/---
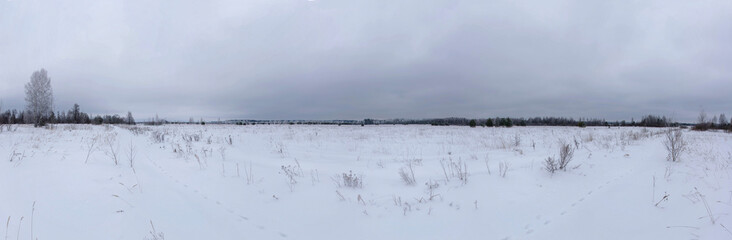 A snowy field in cloudy weather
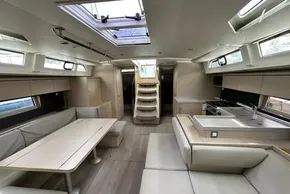 Luxurious interior of 2023 Beneteau Oceanis 51.1 yacht with modern kitchen and seating area.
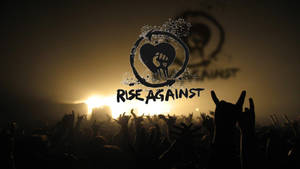Rise Against 演唱會上，人群在舞台燈光下舉起雙手。 — 岩石 壁紙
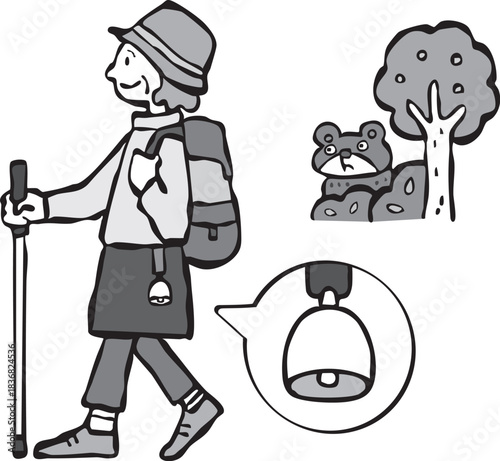 熊よけの鈴をつけて山登りをする女性（シニア）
\---
**ACTION ITEM**
Begin at the line containing "Luxurious interior of" and restate exactly every line through the end of the material, skipping the pictures.

**RESPONSE AREA**
 Luxurious interior of 2023 Beneteau Oceanis 51.1 yacht with modern kitchen and seating area.
Rise Against 演唱會上，人群在舞台燈光下舉起雙手。 — 岩石 壁紙
 熊よけの鈴をつけて山登りをする女性（シニア）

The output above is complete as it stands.